> Records for the exercise:
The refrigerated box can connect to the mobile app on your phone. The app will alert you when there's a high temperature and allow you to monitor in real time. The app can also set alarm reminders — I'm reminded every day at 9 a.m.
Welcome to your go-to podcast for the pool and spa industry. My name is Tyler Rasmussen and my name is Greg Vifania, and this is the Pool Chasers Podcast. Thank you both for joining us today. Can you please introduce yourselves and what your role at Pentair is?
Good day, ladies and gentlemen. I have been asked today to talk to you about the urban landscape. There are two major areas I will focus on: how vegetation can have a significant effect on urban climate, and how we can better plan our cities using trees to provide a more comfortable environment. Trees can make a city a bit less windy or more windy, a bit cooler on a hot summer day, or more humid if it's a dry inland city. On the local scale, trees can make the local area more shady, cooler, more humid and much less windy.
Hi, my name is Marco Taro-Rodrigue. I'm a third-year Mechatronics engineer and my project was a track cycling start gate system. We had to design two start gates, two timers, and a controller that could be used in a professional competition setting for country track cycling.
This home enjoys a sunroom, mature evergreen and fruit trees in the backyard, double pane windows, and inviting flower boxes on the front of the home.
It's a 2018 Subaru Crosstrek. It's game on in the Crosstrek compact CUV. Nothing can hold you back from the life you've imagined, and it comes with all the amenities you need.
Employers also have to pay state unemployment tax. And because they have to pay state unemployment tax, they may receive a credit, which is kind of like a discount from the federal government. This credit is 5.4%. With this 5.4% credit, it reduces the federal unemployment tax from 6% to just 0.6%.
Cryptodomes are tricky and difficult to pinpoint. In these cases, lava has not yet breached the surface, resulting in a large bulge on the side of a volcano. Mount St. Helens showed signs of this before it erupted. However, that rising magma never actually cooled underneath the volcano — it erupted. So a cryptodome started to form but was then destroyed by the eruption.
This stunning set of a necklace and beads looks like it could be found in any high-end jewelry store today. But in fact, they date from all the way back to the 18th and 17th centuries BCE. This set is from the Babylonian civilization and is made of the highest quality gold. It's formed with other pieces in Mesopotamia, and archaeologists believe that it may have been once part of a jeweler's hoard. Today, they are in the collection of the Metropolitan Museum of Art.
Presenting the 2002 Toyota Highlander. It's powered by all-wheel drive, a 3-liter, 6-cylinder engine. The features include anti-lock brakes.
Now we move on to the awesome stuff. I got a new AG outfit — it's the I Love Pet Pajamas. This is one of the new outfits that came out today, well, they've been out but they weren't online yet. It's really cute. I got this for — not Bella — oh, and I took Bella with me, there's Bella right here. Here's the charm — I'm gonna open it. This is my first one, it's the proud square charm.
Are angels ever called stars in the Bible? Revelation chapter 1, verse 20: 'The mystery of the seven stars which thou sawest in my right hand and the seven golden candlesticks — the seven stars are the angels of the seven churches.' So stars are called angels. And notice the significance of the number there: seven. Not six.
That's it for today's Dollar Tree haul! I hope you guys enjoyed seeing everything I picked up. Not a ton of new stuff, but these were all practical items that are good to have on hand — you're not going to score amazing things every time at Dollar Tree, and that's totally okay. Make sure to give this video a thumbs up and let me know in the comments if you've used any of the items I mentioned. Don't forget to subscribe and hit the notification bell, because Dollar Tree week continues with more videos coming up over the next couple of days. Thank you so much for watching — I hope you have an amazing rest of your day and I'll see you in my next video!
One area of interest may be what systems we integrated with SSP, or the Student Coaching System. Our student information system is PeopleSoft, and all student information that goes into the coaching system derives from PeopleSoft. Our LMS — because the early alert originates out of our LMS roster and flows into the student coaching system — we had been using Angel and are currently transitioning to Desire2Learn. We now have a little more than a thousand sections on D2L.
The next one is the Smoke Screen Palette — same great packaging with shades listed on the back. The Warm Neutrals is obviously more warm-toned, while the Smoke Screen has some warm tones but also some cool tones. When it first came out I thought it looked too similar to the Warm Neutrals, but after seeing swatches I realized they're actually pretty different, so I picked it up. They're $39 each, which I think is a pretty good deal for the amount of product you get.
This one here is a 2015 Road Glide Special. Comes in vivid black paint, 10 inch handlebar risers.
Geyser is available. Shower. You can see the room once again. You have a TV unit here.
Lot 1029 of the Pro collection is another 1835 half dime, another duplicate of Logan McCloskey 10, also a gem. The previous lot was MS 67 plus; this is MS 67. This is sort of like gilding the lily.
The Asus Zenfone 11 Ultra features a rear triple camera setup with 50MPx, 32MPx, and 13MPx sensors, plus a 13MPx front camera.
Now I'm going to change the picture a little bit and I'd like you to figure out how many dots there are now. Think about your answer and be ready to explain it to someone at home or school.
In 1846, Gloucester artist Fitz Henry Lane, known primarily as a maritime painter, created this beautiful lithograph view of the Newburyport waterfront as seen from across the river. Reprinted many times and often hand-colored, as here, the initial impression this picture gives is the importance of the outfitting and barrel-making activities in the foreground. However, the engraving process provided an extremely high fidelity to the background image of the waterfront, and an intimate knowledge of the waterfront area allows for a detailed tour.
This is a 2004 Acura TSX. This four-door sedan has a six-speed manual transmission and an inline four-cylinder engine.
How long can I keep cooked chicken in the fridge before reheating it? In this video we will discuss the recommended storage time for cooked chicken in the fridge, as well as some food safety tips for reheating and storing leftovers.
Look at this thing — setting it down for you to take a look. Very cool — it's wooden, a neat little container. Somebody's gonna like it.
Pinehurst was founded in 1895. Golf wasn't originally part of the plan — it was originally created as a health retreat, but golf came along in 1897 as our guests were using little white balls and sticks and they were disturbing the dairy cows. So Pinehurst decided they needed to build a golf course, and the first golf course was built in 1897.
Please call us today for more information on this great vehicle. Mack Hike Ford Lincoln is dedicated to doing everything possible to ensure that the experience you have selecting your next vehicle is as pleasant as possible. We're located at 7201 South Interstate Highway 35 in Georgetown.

> Exercise objective:
Please copy the lines above from the line with "Hi, my name" up to and including the line with "It's a 2018", exactly as written and with nothing else.

> Solved exercise:
Hi, my name is Marco Taro-Rodrigue. I'm a third-year Mechatronics engineer and my project was a track cycling start gate system. We had to design two start gates, two timers, and a controller that could be used in a professional competition setting for country track cycling.
This home enjoys a sunroom, mature evergreen and fruit trees in the backyard, double pane windows, and inviting flower boxes on the front of the home.
It's a 2018 Subaru Crosstrek. It's game on in the Crosstrek compact CUV. Nothing can hold you back from the life you've imagined, and it comes with all the amenities you need.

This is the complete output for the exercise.